= History of Cartography Project =

US university publishing project

The History of Cartography Project is a publishing project in the Department of Geography at the University of Wisconsin–Madison. It was founded by David Woodward in 1981. Woodward directed the project until his death in August 2004; Matthew H. Edney became director in July 2005.

== The History of Cartography ==
The Project works to prepare The History of Cartography, a multivolume series established by Woodward and Brian Harley. This effort is funded by generous grants from the National Endowment for the Humanities, the National Science Foundation, various private foundations, and numerous individuals.

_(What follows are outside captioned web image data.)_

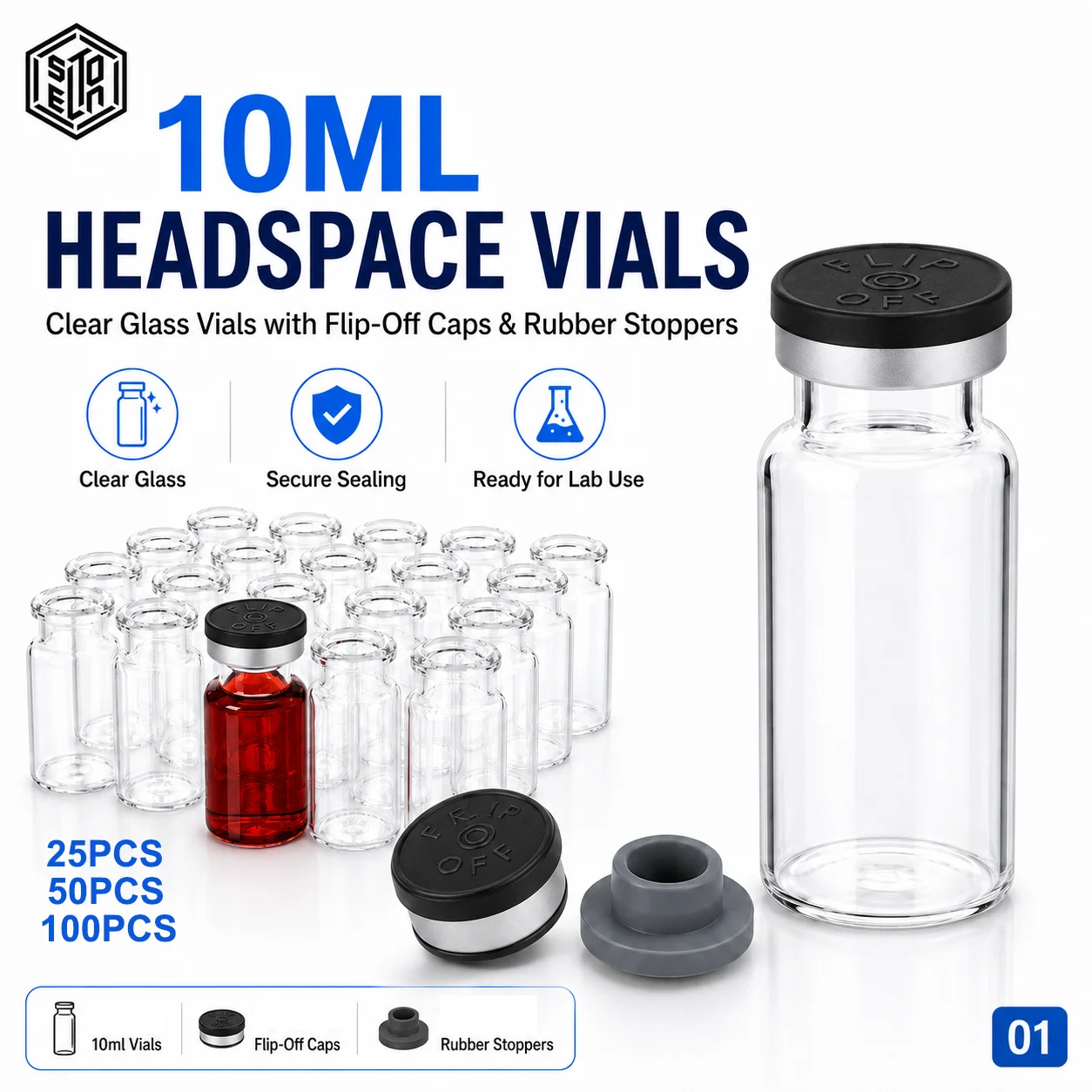 

10ml Clear Headspace Sample Vials with Plastic Aluminum Flip Off Caps and Gray Rubber Stoppers Laboratory Bottles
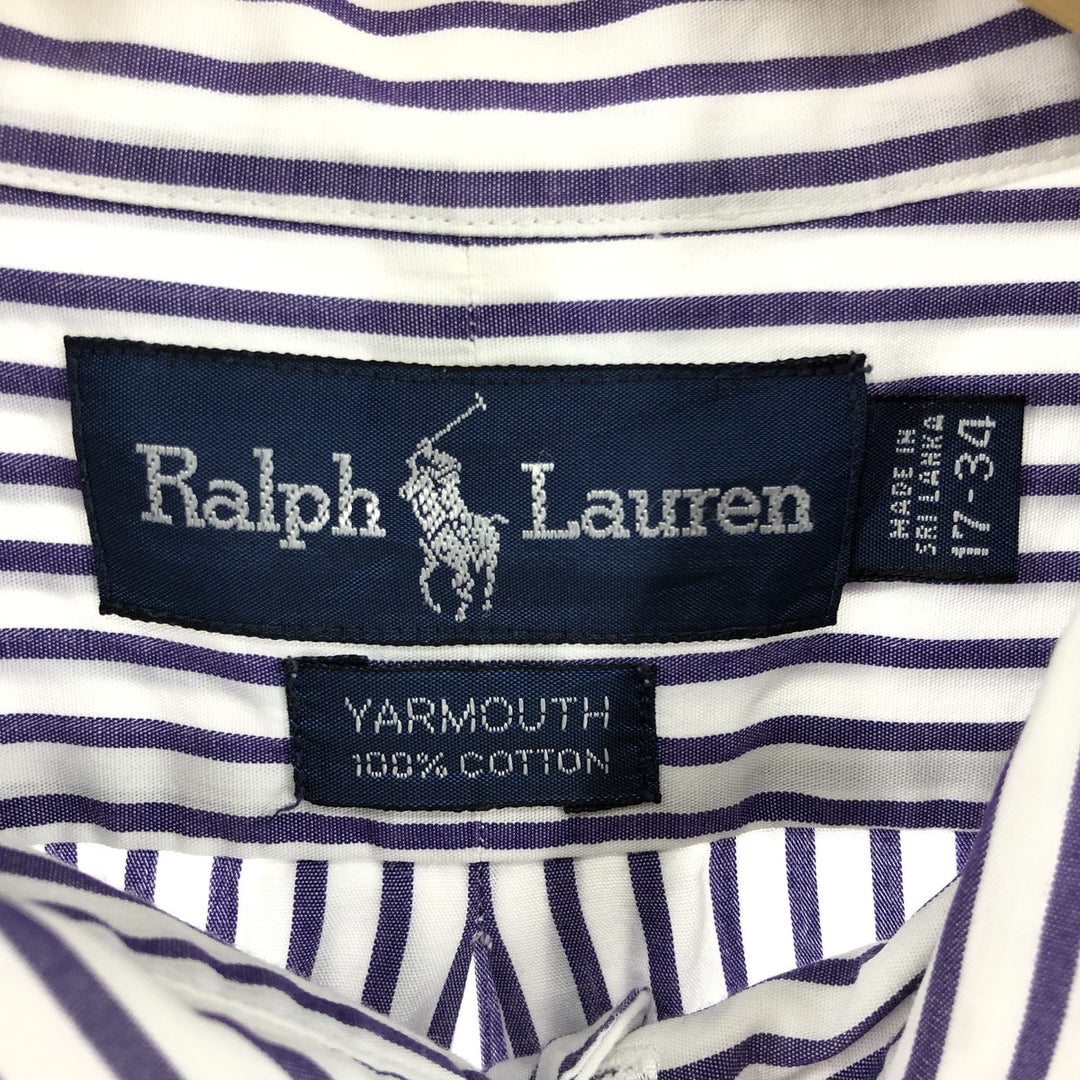 Ralph Lauren YARMOUTH Long Sleeve Button-Down Striped Shirt, Men's XL cotton purple type Vintage Second Hand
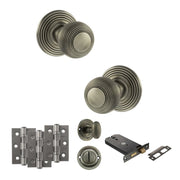 Atlantic Old English Ripon Door Knob Pack (Lock Set - Horizontal Bathlock, 3" Fire Rated Hinges x3)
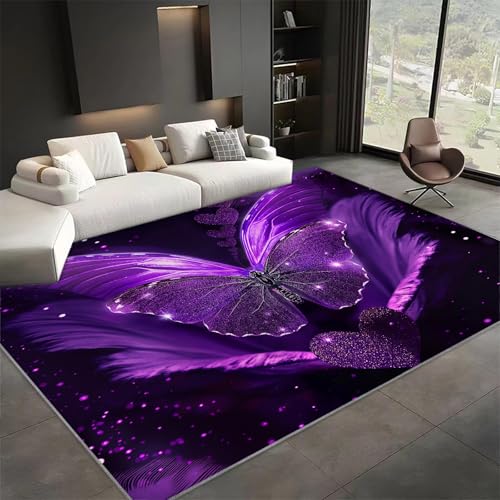 Teppich Wohnzimmer 140x200 cm Schlafzimmer Schmetterling Lila Fantasie Waschbar in Waschmaschine, Kurzflor Carpet Weicher für Kinderzimmer von Generisch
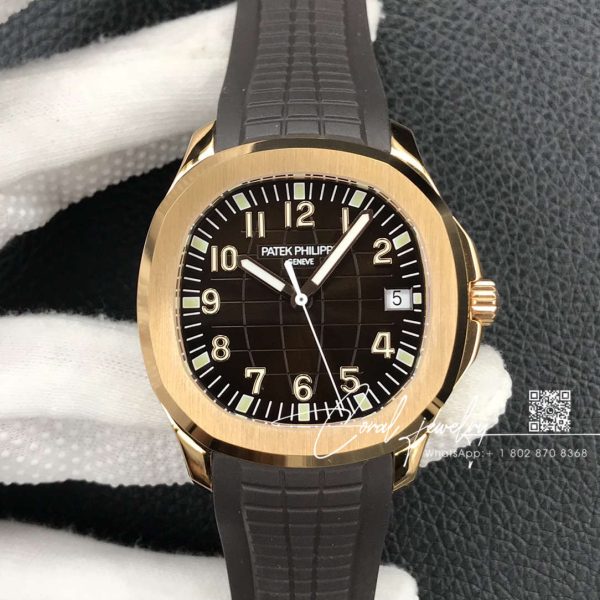 Replica Patek Philippe Aquanaut 5167r 001 3k Factory Brown Rubber Strap (1)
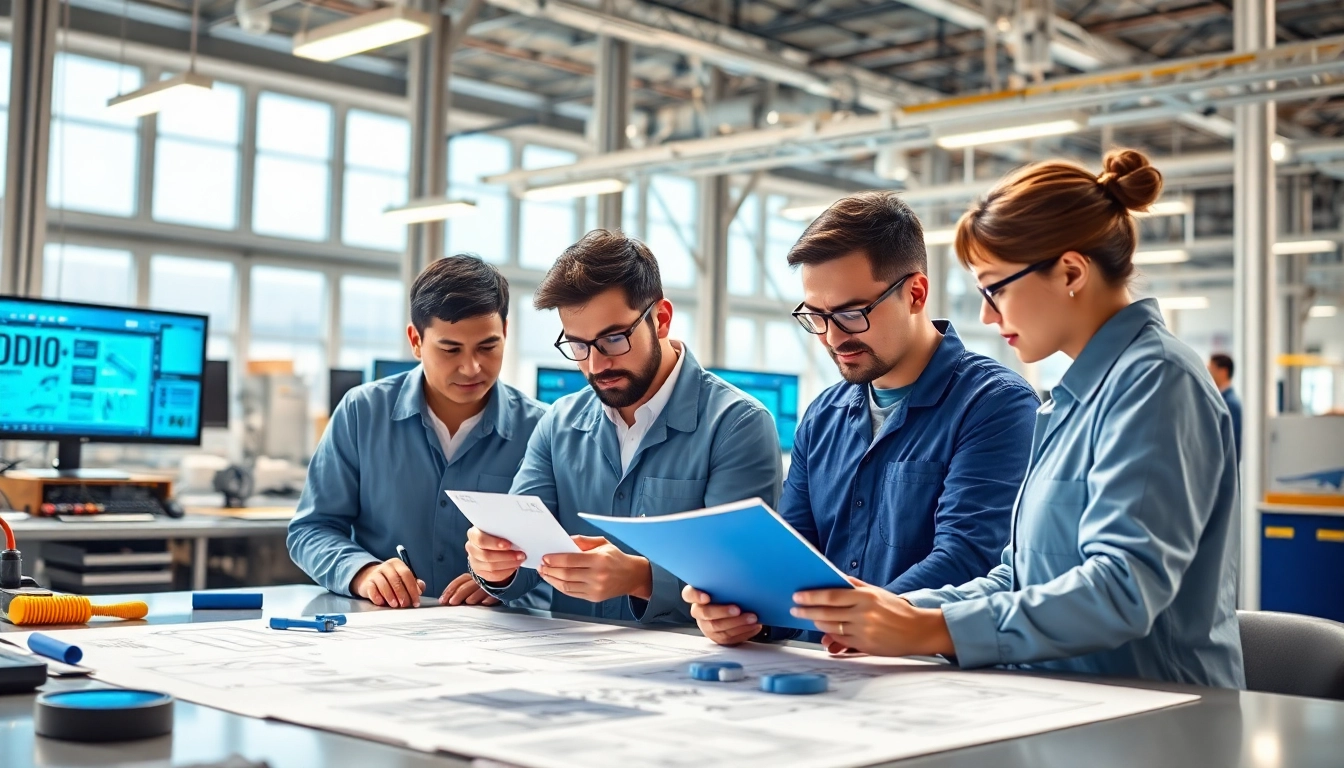 Visualizing the ODM manufacturing process with engineers collaborating creatively in a tech-savvy environment.
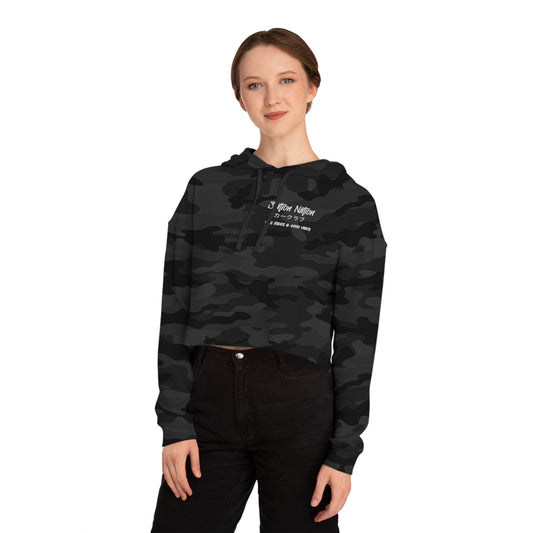 Station Nation Nice Rides & Good Vibes-Women's Ultra Soft, Premium Crop Hoodie Black Camo Printify by The Night Shift Automotive Apparel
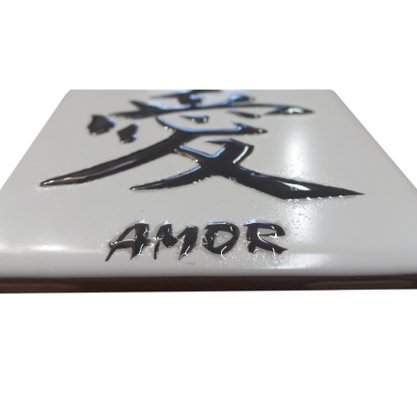 Azulejo Antigo Cerâmico Japones "Amor" - Eliane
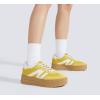 imageLUCKY STEP Womens Platform Gum Thick Sole Fashion Sneakers Classic Retro Rubber Low Top Casual Tennis Skate Walking ShoesYellow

The six volumes of the History, all published by the University of Chicago Press, are:

- 1. Harley, J. B. and David Woodward. (eds.). Cartography in Prehistoric, Ancient, and Medieval Europe and the Mediterranean. 1987. ISBN 9780226316338
- 2.1. Harley, J. B. and David Woodward. (eds.). Cartography in the Traditional Islamic and South Asian Societies. 1992. ISBN 9780226316352
- 2.2. Harley, J. B. and David Woodward. (eds.). Cartography in the Traditional East and Southeast Asian Societies. 1994. ISBN 9780226316376
- 2.3. Woodward, David and G. Malcolm Lewis. (eds.). Cartography in the Traditional African, American, Arctic, Australian, and Pacific Societies. 1998. ISBN 9780226907284
- 3. Woodward, David. (ed.). Cartography in the European Renaissance. 2007. In two parts. ISBN 9780226907321
- 4. Edney, Matthew H. and Mary S. Pedley. (eds.). Cartography in the European Enlightenment. In preparation for publication in December 2019. In two parts.
- 5. Kain, Roger J. P. (ed.). Cartography in the Nineteenth Century. In preparation. In two parts.
- 6. Monmonier, Mark. Cartography in the Twentieth Century. 2015. In two parts. ISBN 9780226534695

== History ==

Harley and Woodward's initial scheme was for a four-volume series, each volume to contain several full-length chapters by different authors, all to be published by 1992. This plan was followed for Volumes 1 through 3, but as the scope of the project grew Volume 2 was divided into three physical parts, and Volume 3 into two parts. The growth of Volume 3 to have been larger than the entire series as originally conceived demonstrated how unfeasible the established format would be for what was now planned as the final three volumes, dealing with the modern period. Woodward therefore decided, after much consultation, to turn the volumes into interpretive encyclopedias.

In July 2011 it began to be made available online as PDF files.